Exo 20:7, an explanation, however, which does not seem possible even from Amo 6:8; Jer 51:14. We let this Kerî alone to its undisturbed critical rights. But that the poet did actually write thus, is incredible. In Psa 24:5 (just as at the close of Psa 15:1-5), in continued predicates, we are told the character of the man, who is worthy of this privilege, to whom the question in Psa 24:3 refers.
Such an one shall bear away, or acquire (נשׁא, as e. g. , Est 2:17) blessing from Jahve and righteousness from the God of his salvation (Psa 25:5; Psa 27:9). Righteousness, i. e. , conformity to God and that which is well-pleasing to God, appears here as a gift, and in this sense it is used interchangeably with ישׁע (e. g. , Psa 132:9, Psa 132:16). It is the righteousness of God after which the righteous, but not the self-righteous, man hungers and thirsts; that moral perfection which is the likeness of God restored to him and at the same time brought about by his own endeavours; it is the being changed, or transfigured, into the image of the Holy One Himself.
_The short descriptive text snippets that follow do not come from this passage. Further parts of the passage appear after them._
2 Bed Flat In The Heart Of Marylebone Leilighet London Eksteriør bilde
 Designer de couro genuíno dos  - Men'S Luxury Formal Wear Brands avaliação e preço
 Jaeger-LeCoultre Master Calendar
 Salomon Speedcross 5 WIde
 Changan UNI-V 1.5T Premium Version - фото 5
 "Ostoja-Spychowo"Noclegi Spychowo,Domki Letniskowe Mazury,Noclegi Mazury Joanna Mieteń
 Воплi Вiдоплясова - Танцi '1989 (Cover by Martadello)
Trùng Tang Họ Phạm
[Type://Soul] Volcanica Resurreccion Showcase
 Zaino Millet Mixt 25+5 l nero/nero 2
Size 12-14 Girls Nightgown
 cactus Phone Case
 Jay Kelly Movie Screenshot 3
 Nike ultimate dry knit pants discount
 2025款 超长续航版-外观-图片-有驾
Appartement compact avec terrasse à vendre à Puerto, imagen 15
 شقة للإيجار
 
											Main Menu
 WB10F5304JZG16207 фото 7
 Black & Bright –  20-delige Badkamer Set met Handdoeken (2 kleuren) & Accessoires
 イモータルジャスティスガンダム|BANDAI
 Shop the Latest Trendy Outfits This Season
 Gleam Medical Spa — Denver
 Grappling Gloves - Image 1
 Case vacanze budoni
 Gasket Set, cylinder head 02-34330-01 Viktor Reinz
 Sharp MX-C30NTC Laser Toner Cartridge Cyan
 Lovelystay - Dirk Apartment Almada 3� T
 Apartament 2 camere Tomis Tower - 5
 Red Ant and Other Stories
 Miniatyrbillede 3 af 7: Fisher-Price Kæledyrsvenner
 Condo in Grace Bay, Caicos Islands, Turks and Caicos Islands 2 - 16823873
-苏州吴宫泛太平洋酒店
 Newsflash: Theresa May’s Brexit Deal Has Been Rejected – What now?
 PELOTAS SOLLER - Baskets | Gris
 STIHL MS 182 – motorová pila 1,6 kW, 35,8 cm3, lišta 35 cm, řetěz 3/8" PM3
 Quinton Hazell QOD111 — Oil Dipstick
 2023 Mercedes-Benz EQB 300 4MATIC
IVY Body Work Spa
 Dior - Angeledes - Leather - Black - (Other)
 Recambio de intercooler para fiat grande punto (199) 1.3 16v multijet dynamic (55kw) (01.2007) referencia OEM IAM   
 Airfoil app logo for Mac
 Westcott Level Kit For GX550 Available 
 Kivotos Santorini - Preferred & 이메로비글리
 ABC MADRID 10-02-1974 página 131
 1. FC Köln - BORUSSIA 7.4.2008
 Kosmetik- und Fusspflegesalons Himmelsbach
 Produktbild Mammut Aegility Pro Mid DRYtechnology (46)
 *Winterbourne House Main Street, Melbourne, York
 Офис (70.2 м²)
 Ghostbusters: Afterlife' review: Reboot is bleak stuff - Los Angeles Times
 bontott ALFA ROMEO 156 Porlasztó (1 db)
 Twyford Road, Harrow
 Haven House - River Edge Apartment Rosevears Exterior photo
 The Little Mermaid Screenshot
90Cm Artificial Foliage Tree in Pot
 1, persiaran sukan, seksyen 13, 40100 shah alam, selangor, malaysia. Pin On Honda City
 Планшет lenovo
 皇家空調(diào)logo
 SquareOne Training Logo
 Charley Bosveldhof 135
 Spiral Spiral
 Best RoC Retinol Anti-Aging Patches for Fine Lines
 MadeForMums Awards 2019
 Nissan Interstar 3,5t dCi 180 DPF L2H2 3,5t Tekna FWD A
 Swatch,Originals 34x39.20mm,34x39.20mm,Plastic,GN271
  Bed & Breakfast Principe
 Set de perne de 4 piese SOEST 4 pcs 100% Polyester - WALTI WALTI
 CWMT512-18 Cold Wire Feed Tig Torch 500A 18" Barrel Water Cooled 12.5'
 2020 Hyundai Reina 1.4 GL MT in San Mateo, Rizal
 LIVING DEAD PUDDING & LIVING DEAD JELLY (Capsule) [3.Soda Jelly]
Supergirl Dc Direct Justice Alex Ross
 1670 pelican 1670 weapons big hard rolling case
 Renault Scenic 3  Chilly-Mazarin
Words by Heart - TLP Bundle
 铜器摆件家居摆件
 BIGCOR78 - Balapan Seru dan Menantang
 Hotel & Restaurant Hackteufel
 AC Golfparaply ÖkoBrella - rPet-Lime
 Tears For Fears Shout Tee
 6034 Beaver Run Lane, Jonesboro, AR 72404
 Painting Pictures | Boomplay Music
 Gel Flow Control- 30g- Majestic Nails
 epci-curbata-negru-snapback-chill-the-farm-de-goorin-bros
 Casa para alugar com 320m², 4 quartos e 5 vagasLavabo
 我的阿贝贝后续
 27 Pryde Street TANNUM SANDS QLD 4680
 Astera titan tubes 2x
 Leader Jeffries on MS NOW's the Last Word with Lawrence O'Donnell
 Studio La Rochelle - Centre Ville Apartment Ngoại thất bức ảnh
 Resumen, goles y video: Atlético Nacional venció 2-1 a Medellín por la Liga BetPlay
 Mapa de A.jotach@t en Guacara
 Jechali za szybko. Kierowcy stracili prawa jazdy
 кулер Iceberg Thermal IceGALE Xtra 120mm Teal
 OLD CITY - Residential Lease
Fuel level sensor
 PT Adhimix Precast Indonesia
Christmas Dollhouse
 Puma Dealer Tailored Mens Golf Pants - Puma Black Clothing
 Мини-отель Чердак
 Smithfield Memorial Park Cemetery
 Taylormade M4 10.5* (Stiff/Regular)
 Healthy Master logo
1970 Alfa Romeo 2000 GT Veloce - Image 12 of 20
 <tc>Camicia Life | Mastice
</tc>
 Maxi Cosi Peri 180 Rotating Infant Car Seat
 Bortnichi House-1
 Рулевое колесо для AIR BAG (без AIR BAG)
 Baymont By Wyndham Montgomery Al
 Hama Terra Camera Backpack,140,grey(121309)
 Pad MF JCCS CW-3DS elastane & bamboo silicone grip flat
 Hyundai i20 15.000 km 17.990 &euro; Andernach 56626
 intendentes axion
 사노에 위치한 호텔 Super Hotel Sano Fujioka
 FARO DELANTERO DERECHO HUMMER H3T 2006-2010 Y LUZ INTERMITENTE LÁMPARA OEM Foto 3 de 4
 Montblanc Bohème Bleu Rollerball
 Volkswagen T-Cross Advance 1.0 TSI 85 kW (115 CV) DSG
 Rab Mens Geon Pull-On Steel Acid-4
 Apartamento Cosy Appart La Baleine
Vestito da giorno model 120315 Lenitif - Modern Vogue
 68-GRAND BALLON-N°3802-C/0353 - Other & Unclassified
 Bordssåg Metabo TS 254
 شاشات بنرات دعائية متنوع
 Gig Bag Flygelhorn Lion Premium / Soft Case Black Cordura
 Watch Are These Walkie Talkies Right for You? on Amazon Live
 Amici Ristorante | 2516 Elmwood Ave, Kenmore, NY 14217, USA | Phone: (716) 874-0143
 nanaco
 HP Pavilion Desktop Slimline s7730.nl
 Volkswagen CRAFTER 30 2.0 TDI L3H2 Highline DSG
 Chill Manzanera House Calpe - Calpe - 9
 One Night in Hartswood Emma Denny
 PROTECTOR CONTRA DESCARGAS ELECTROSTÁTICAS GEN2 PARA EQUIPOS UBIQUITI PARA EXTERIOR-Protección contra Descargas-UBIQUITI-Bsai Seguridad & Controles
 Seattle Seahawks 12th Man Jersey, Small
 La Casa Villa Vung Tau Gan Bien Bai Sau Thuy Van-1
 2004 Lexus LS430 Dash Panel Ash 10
With Psa 24:5 the answer to the question of Psa 24:3 is at an end; Psa 24:6 adds that those thus qualified, who may accordingly expect to receive God’s gifts of salvation, are the true church of Jahve, the Israel of God. דּור (lit. , a revolution, Arabic dahr , root דר, to turn, revolve) is used here, as in Psa 14:5; Psa 73:15; Psa 112:2, of a collective whole, whose bond of union is not contemporaneousness, but similarity of disposition; and it is an alliteration with the דּרשׁיו ( Chethîb דרשו, without the Jod plur .)
which follows. מבקשׁי פּניך is a second genitive depending on דּור, as in Psa 27:8. Here at the close the predication passes into the form of invocation (Thy face). And יעקב is a summarising predicate: in short, these are Jacob, not merely after the flesh, but after the spirit, and thus in truth (Isa 44:2, cf. Rom 9:6; Gal 6:16). By interpolating אלהי, as is done in the lxx and Peshîto, and adopted by Ewald, Olshausen, Hupfeld, and Böttcher, the nerve, as it were, of the assertion is cut through.
The predicate, which has been expressed in different ways, is concentrated intelligibly enough in the one word יעקב, towards which it all along tends. And here the music becomes forte . The first part of this double Psalm dies away amidst the playing of the instruments of the Levitical priests; for the Ark was brought in בּכל־עז וּבשׁירים, as 2Sa 6:5 (cf. 2Sa 6:14) is to be read.